Feminista en un mundo donde ser mujer supone una enorme dificultad añadida, su
cine expresa claramente su compromiso a favor de esta mitad del género humano,
tan postergada a lo largo de la historia.
La segunda mitad del
siglo nos trae nuevas figuras. En coincidencia con el free cinema británico o la
nouvelle vague francesa, surge también allí un nuevo modo de abordar el
cine, la nueva ola japonesa. Sus
representantes son entre otros, Imamura, (Nippon
Konchuki, 1963), el propio Kobayashi (Kwaidan) y sobre todo Oshiba, que en
la década siguiente causaría sensación en Occidente con El imperio de los sentidos (1972) película de fuertes tintes
eróticos. Prohibida por ello en las salas japonesas durante décadas, pero
estrenada en Francia primero y exhibida
después enseguida en diversos países de Europa, causó en ellos un fuerte impacto
tanto de crítica como de público. En los ochenta Kurosawa, cuya fama parecía irse
apagando, volvería a primer plano con otros títulos exitosos de difusión
mundial como Ran (1982), de nuevo
Oscar de Hollywood, y en la última década comienza Miyazaki con sus películas
de animación, la más famosa de las cuales El
viaje de Chihiro, ya de 2001, consiguió el top de taquilla del cine japonés.
En la actualidad nuevos
realizadores logran mantener en Occidente con esfuerzo el listón del cine
japonés a la altura alcanzada, aunque sólo con cuentagotas van llegando a este
mercado sus nuevas realizaciones. Hoy en día el más conocido entre nosotros sea
probablemente Takesi Kitano, pero otros nacidos después van cogiendo ya el
relevo como Kiyoshi Kurosawa (Tokyo Sonata, 2008), Tetsuya Nakashima (Confessions – Kokuhaku - 2010), Gen Takahashi (Confessions
of a dog -Pochi no Kokuhaku-, 2006) o Hirokazu Koroeeda.
De ellos el más conocido en Occidente quizá sea Hirokazu
Koroeeda que nos ofrece un cine complejo en su contenido pero no complicado de
seguir; delicado y contundente a la vez, un cine de emociones y afectos,
profundo y sentimental, pero nunca sensiblero.

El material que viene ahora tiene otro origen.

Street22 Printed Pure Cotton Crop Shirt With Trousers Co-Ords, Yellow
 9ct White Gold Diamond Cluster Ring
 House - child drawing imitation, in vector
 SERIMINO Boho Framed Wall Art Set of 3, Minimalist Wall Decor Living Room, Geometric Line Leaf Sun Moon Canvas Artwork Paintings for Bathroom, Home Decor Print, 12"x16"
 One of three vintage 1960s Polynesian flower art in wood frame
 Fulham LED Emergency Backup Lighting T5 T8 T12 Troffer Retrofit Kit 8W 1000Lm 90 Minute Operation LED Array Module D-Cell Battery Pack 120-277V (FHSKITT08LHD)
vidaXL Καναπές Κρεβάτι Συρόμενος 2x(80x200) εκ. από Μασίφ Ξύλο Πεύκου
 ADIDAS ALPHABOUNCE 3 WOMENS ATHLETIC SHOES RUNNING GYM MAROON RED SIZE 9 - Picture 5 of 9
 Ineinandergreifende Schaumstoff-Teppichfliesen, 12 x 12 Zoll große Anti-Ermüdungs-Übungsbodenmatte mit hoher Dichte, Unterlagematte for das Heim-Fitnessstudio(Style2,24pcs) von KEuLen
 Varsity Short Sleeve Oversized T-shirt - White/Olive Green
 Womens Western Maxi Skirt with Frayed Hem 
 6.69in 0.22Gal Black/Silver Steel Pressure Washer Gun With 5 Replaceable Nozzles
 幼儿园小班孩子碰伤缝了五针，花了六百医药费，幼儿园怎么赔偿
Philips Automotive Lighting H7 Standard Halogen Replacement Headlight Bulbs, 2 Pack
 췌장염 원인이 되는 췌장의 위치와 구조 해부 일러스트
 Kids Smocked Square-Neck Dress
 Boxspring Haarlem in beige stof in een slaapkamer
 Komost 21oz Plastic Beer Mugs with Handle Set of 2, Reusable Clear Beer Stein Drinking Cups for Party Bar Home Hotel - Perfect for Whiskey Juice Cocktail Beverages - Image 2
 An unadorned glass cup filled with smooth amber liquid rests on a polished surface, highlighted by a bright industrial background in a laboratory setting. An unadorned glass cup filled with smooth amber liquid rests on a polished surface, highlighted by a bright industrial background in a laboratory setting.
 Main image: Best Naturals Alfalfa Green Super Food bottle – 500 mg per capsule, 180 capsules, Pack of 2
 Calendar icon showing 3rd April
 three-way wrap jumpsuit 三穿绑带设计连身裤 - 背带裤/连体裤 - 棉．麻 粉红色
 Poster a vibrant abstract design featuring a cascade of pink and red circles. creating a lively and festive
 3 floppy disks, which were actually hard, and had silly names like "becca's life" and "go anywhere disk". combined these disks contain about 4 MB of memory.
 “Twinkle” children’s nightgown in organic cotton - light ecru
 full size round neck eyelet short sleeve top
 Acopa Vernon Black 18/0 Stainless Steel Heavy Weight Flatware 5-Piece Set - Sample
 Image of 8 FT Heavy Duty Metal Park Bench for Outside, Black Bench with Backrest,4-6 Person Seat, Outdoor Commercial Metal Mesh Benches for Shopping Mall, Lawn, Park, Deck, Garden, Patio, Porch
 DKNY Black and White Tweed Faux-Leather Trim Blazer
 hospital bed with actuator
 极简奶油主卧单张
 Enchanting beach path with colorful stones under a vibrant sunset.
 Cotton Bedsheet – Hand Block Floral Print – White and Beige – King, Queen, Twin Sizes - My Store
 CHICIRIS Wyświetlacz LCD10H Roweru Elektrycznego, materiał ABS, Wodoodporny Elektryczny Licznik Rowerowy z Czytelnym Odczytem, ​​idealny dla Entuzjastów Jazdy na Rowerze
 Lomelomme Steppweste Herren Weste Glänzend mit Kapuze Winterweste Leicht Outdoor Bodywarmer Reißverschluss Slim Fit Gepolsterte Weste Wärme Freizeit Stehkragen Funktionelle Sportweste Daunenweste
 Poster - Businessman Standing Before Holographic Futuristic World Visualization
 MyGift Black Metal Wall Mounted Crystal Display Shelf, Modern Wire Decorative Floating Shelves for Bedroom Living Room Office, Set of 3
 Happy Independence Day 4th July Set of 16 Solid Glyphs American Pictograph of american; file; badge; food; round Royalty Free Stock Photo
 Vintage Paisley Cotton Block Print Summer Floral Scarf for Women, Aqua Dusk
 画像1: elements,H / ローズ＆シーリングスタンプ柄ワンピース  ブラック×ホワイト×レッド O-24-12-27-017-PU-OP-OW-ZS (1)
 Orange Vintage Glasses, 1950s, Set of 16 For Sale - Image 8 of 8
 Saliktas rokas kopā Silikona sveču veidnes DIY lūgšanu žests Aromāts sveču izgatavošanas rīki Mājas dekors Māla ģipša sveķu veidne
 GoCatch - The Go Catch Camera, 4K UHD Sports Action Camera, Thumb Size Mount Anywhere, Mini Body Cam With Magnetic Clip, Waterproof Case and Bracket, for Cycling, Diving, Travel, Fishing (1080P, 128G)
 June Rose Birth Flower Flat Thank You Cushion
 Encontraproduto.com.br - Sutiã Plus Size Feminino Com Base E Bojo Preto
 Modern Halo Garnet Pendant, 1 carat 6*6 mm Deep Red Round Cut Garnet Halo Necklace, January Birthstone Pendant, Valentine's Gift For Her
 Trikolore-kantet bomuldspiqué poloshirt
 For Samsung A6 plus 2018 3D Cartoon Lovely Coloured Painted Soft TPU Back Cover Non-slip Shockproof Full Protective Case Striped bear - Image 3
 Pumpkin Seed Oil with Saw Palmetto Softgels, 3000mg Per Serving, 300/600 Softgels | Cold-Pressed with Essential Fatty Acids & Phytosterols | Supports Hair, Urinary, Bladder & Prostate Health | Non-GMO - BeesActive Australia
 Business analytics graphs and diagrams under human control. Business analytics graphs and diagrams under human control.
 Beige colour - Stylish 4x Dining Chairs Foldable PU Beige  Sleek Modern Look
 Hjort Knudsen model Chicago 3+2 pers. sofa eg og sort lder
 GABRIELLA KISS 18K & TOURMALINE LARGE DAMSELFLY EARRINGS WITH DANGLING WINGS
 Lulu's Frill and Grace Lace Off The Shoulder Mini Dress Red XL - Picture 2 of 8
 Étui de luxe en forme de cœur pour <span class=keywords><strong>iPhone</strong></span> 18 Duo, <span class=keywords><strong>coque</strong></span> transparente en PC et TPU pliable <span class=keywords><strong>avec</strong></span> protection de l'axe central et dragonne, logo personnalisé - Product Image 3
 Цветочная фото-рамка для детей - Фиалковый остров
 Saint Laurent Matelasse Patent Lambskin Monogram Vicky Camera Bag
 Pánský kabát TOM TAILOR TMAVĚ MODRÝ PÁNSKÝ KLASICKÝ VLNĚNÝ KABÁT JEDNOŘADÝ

Historias que a menudo giran en
torno a los niños en particular y a la vida familiar en general y que tratan de
afectos, rencores, añoranzas… emociones que su cine nos muestra mezclando drama
y humor y manteniendo la necesaria distancia para no resbalar jamás por la
pendiente de la sensiblería empobrecedora. Kiseki:
Milagro (2011), De tal padre tal hijo,
(2013), Nuestra hermana pequeña
(2015), Un asunto de familia (2018)
son algunos de los títulos de este cineasta que venimos viendo en nuestras pantallas.
Escena de Nuestra hermana pequeña
Aunque él no parece reconocer influencia de Ozu en su manera de hacer, sin embargo sus películas sí nos recuerdan las historias intimistas que caracterizaban a aquel director. Porque, aunque sin el lirismo del cine de Ozu, el de Koroeeda nos introduce también en intimidades cotidianas, en asuntos familiares donde a menudo se esconden heridas del alma.
Y de algunos más nos van llegando ejemplos
destacables de su cine como pasa con ciertas películas de Kinji Fukasaku (Battle Royale -Batoru Rowaiaru-, 2000);
de Yojiro Takita ( Departures –Okuribito-
2008); de Sion Sono (Exposición de amor -Love
Exposure- 2008 o Cold Fish -Tsumetai nettaigyo-, 2010); de Yoji
Yamada (El ocaso del samurái -Tasogare
seibei-, 2002); de Yuya Ishii, (Sawako
decides -Kawa no soko kara konnichi wa-, 2010); creaciones todas ellas
destacables que confirman la calidad del cine japonés.